Going through the data, count each line that has the word "Photo". Reply with the total and nothing more.
*** Dataset content ***
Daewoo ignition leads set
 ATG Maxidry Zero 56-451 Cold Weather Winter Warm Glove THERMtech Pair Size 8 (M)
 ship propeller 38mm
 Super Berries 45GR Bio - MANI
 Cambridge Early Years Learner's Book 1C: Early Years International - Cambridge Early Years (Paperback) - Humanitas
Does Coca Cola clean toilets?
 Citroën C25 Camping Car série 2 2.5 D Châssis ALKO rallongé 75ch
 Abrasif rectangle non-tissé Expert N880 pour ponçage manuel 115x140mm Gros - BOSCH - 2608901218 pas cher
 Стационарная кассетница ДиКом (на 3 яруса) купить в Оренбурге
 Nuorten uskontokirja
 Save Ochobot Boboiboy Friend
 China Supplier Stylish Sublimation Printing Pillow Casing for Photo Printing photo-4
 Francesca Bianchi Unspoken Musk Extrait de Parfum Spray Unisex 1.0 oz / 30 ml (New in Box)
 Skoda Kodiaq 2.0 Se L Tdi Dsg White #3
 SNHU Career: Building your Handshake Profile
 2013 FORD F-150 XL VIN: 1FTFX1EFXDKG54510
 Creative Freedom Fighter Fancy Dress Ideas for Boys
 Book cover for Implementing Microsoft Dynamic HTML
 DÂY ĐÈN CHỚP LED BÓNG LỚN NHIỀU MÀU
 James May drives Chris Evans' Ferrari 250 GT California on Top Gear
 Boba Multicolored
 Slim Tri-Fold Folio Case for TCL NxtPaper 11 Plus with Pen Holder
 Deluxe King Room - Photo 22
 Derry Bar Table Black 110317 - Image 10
*** End of Dataset content ***
▸ Final answer: 2